Supplied data:
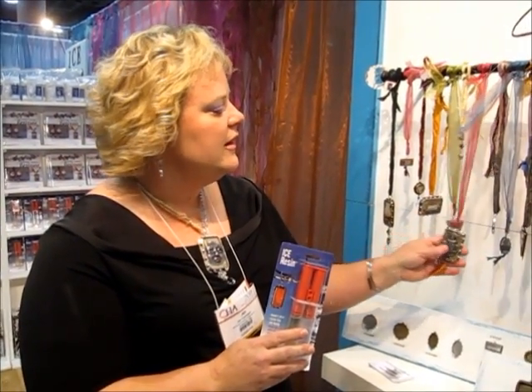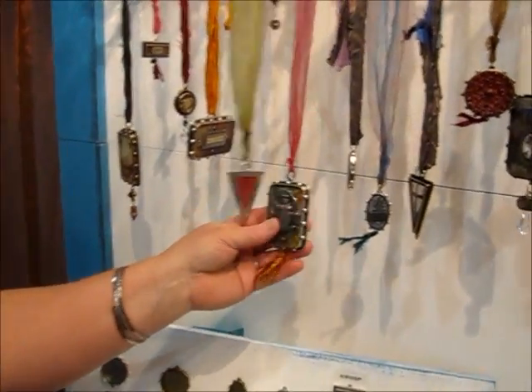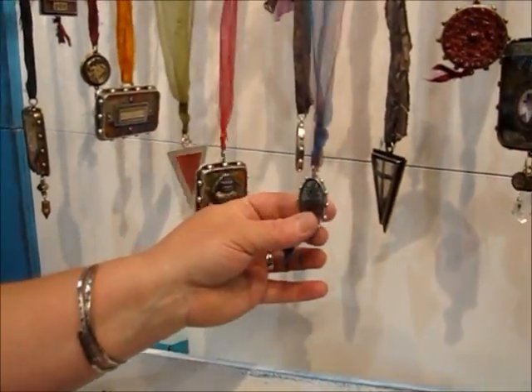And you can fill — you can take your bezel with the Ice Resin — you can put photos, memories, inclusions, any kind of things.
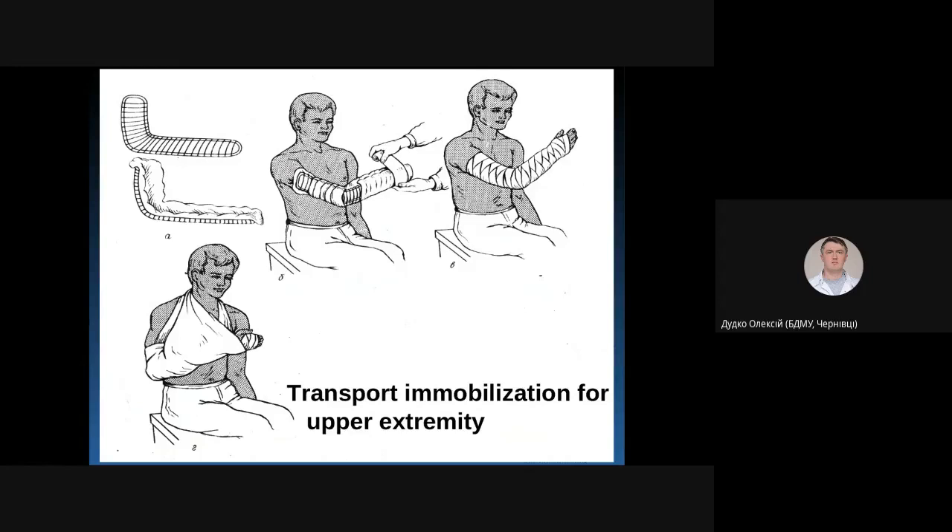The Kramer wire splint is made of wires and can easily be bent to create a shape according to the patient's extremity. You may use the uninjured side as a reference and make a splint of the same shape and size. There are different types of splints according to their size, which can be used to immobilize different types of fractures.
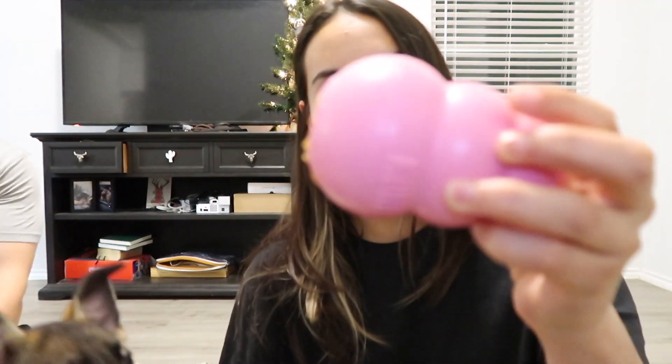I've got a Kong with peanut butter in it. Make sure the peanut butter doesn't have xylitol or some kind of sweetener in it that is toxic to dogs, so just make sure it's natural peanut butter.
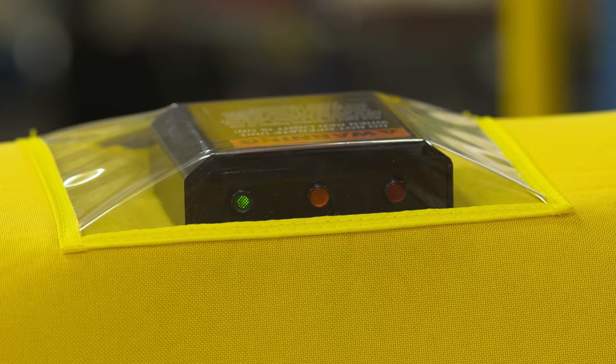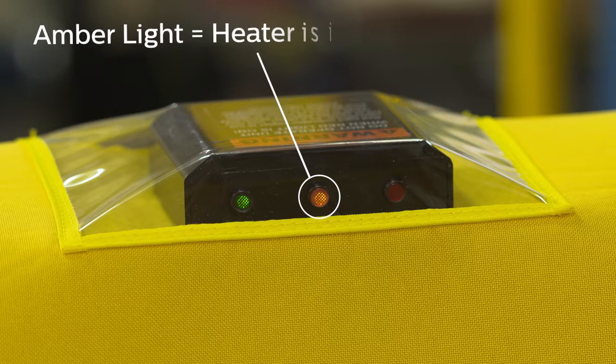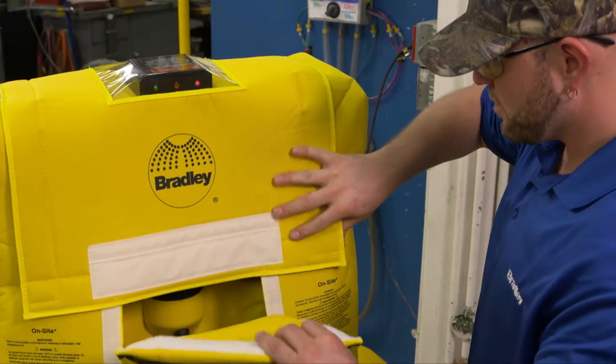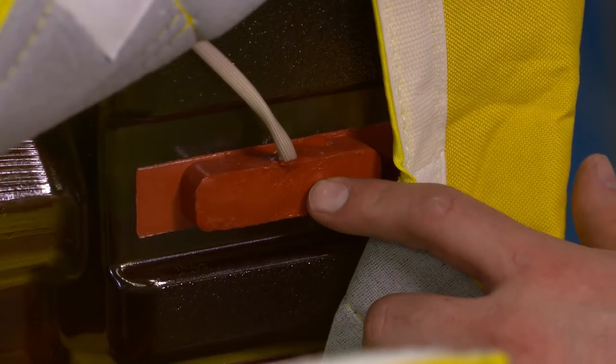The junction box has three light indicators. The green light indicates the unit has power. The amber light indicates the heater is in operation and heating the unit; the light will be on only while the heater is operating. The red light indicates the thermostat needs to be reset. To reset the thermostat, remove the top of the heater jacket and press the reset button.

==

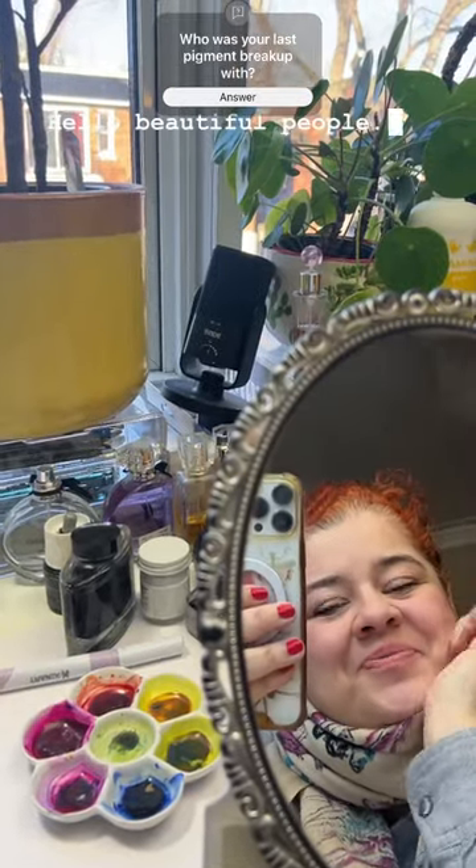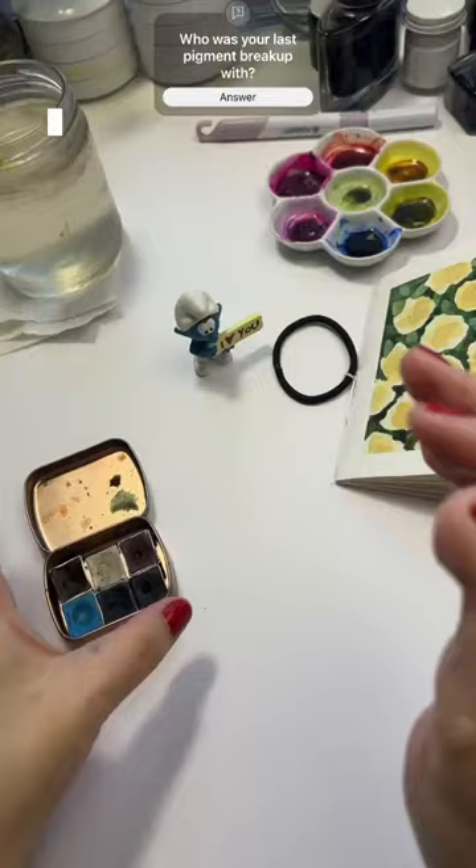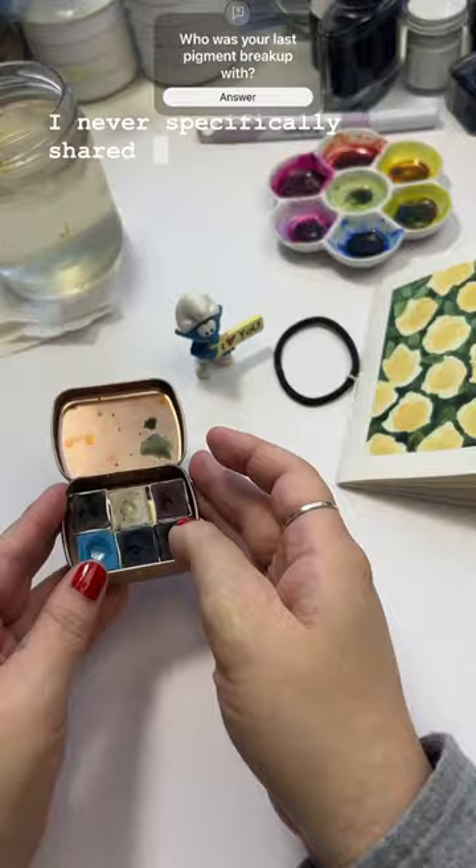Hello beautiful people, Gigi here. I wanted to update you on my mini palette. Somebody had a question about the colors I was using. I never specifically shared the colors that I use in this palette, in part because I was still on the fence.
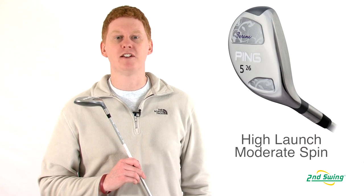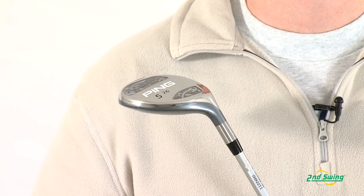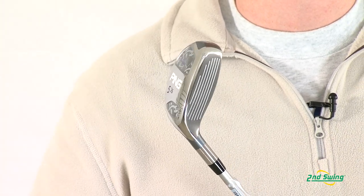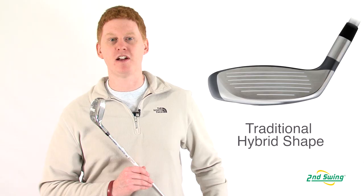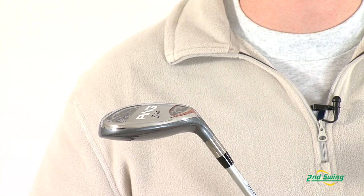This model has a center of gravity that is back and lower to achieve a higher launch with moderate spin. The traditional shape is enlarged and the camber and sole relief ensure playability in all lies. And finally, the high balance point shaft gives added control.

Activity: Above this task is a listing with pictures in it. Retype only the lines from the one containing "And you can" through the one containing "The junction box", both included, and not the pictures.

Answer section:
And you can fill — you can take your bezel with the Ice Resin — you can put photos, memories, inclusions, any kind of things.
The Kramer wire splint is made of wires and can easily be bent to create a shape according to the patient's extremity. You may use the uninjured side as a reference and make a splint of the same shape and size. There are different types of splints according to their size, which can be used to immobilize different types of fractures.
I've got a Kong with peanut butter in it. Make sure the peanut butter doesn't have xylitol or some kind of sweetener in it that is toxic to dogs, so just make sure it's natural peanut butter.
The junction box has three light indicators. The green light indicates the unit has power. The amber light indicates the heater is in operation and heating the unit; the light will be on only while the heater is operating. The red light indicates the thermostat needs to be reset. To reset the thermostat, remove the top of the heater jacket and press the reset button.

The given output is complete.